= United States Federation for Middle East Peace =

The United States Federation for Middle East Peace (USFMEP) is a non-profit, non-partisan organization which promotes the United Nations commitment to international peace and justice through educational programs, public relations and community outreach efforts. The organization was founded in 2001 shortly after 9/11, with the goals of improving the world's understanding of the Middle East.

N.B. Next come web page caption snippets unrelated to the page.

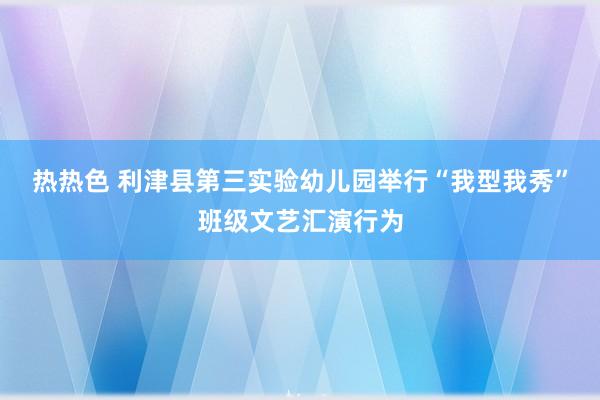 热热色 利津县第三实验幼儿园举行“我型我秀”班级文艺汇演行为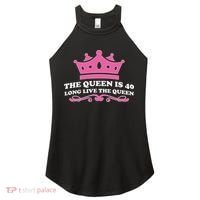 The Queen Is 40 Funny 40th Birthday Women's Perfect Tri Rocker Tank thumb 0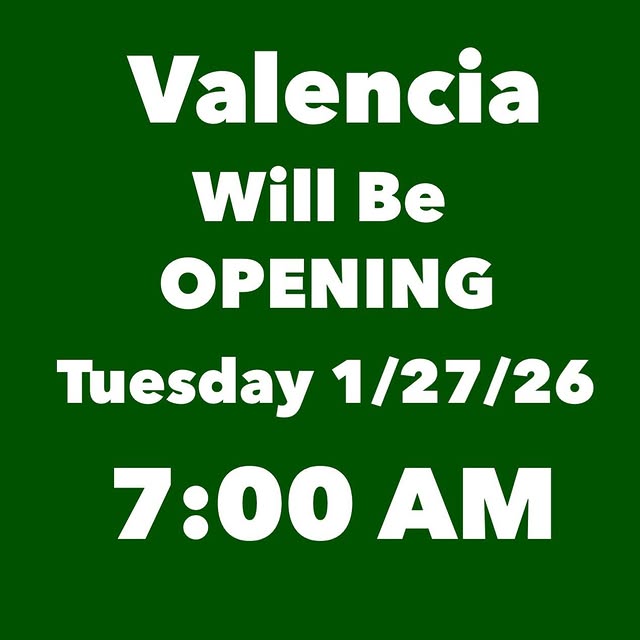 Valencia will be opening 7AM Tuesday Morning 1/27/2026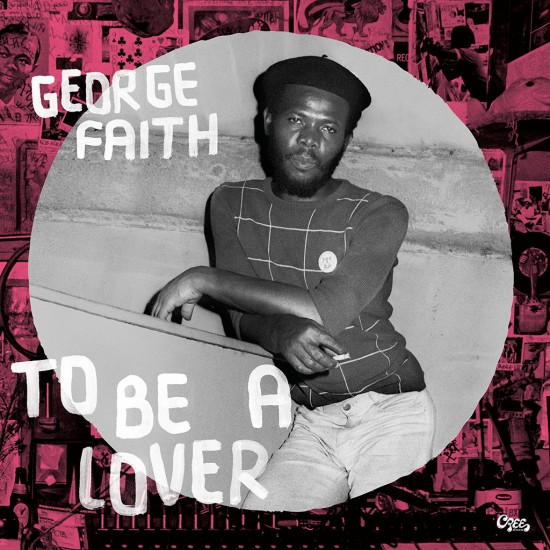 George Faith To be a lover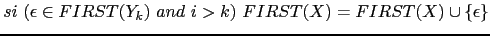 $\displaystyle si\ (\epsilon \in FIRST(Y_k)\ and\ i > k)\ FIRST(X) = FIRST(X) \cup \{ \epsilon \}$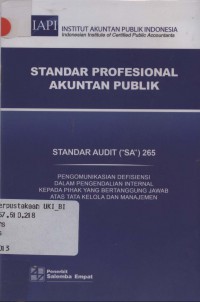 Standar profesional akuntan publik: standar audit (SA) 265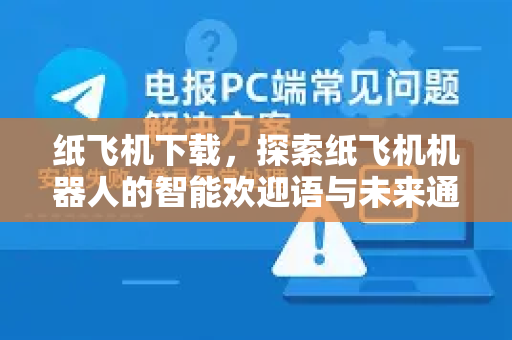 纸飞机下载，探索纸飞机机器人的智能欢迎语与未来通信新体验-第1张图片-纸飞机下载电脑版 - 纸飞机PC桌面版 | 加密聊天社交软件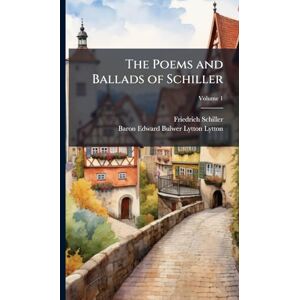 Schiller, Friedrich The Poems and Ballads of Schiller Schiller, Friedrich The Poems and Ballads of Schiller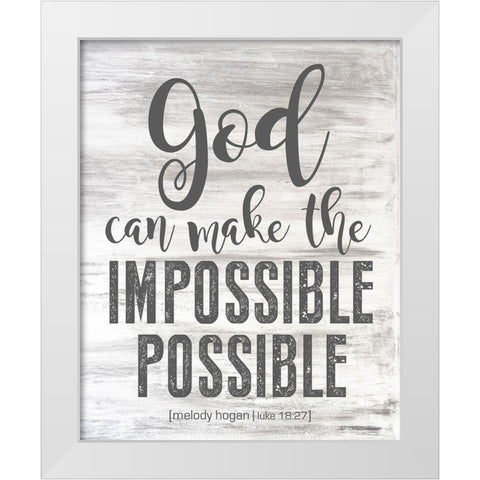 Luke 18:27 White Modern Wood Framed Art Print by Hogan, Melody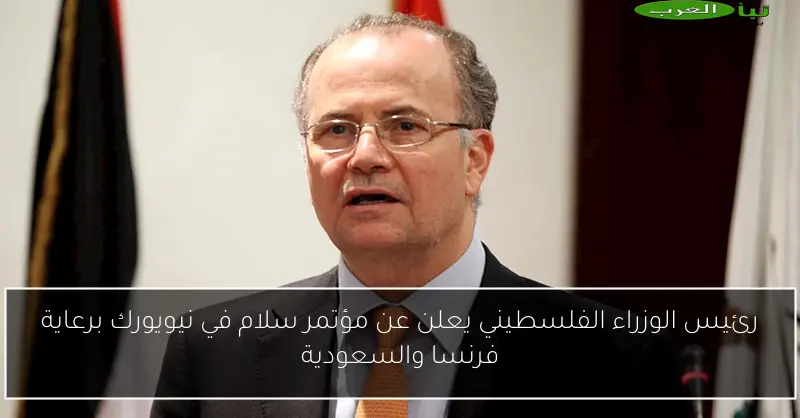 رئيس الوزراء الفلسطيني يعلن عن مؤتمر سلام في نيويورك برعاية فرنسا والسعودية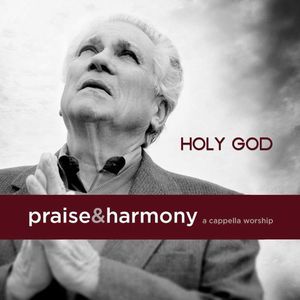 Holy God: A Cappella Worship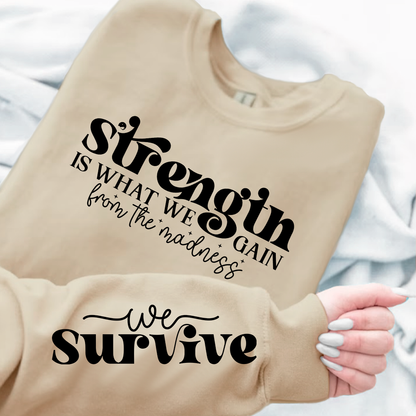 Bluza Unisex Strength Is What We Gain From The Madness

The USFMEP works to provide Americans with information about the Middle East – its history, religions, cultures and current issues. It seeks to promote understanding of the Middle East through seminars, workshops, roundtables and public forums. It has established networks and liaison offices in other regions of the world to help raise awareness on issues concerning peace in the Middle East utilizing the latest methods in information technology.

==Officers==
- Ralph Kader – CEO
- Sally Kader – president
- Ahmed Al-Fedaly – vice president

==Board of advisors==

- Mr. Ralph Kader (chairman): Ralph is a twenty-year veteran of the United Nations. His tenure has included serving on diplomatic missions around the world and working on peace initiatives with the UN Department of Peacekeeping Operations.
- Mrs. Sally Shatila Kader (president): Kader leads efforts to build bridges between the United States and the Arab & Muslim world. She promotes women's rights and children's rights, and serves as the director of the UN Women's Guild in Manhattan.
- Brigadier General Mr. Khalid Kibriya (board member): General Kibriya serves as the secretary-general for the Pakistan Red Crescent Society in Islamabad, Pakistan. He has served with the United Nations Department of Peacekeeping Operations in New York City.
- Dr. Riad Tabbarah (board member): Tabbarah was previously the Lebanese ambassador to the United States. He is director of the Center for Development Studies and Projects and a former member of the United Nations.
- Mariana Thomas (board member): Thomas is an author, social activist, painter, poet, and speaker recognized among the Who's Who of American Women as well as being named in Who's Who in the World in 2005.
- Libby Lloyd (board member): Lloyd is an immediate past president of the UNIFEM Australia and is now representative for UNIFEM Australia's International Relations. UNIFEM is the United Nations Development Fund for Women, the Women's Fund at the UN. She has been active over time promoting women's human rights and political participation around the world.